For example, the blurb for #6012, George’s shirt pattern says “this shirt has been duplicated, with permission, from one of New York’s finest men’s dress shirts” which seems really good to me.
But to my mind, a good men’s shirt always has a yoke. If you look on the website, the schematic for the pattern doesn’t indicate a yoke. In fact, the pattern does have a back yoke. I’ve added it in where it should be with the red line below.
Now probably Peggy is confident on the fundamentals, she would probably never make a men’s shirt pattern without a yoke and, if you know her well, you would be aware of that. But, missing this detail from the schematic would throw off newbies such as myself. When you are starting out, it is very easy to be confused by sorting out silly mistake from fundamental error. For instance I can now read a knitting or crochet pattern and it is obvious to me where there is a silly mistake or typo. Being new to sewing, I can’t do this. To reduce the barriers to initial sewing success it really helps when EVERYTHING is accurate, and you can streamline your effort productively.
I really strongly recommend the Peggy Saggers webcasts (freely available) and now I have all her DVDs as well. I have learned to trust her even though sometimes I haven’t the foggiest idea of what she is talking about. To be fair on myself, pattern making and garment sewing are enormous topics and one can’t simply absorb this stuff instantly.
I adore Peggy’s attitude, her accessibility, her willingness to put time into educating the public in how we can implement up-to-date sewing techniques for accuracy, and copy what is current in high-end RTW.

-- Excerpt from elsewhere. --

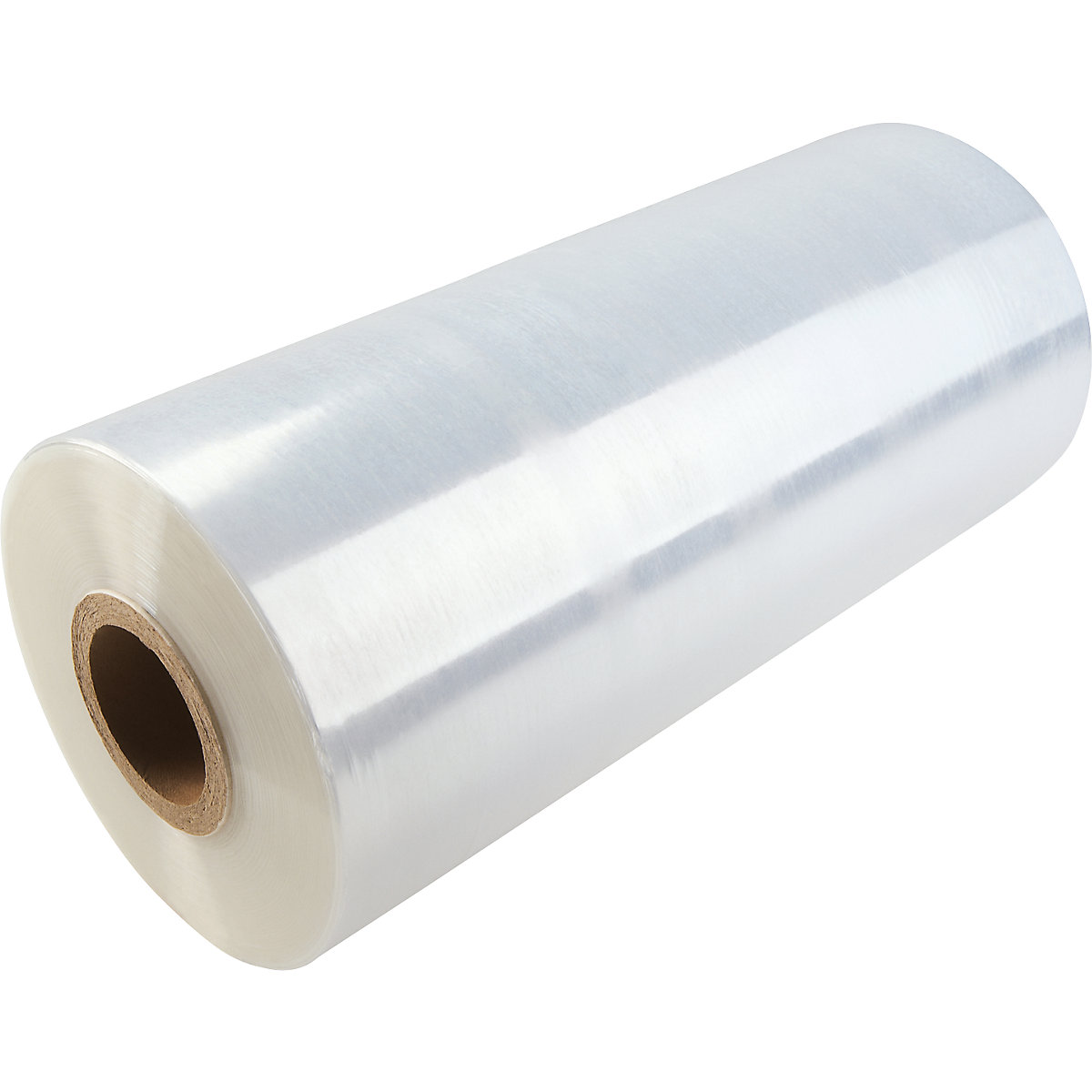 Film estensibile macchinabile Power – ratioform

In the process, she is liberating hobbyist sewing from the 1050′s straitjacket it sometimes appears bogged down in. In my view, this seems is critical if the new generation of sewists will do more than Threadbangers style T-shirt refashioning projects and will actually make something that they will wear to a (successful) job interview.
As I go through the sewing process of this pattern I hope to document how I approached the sewing process and bridged the knowledge gap from my perspective as a newbie.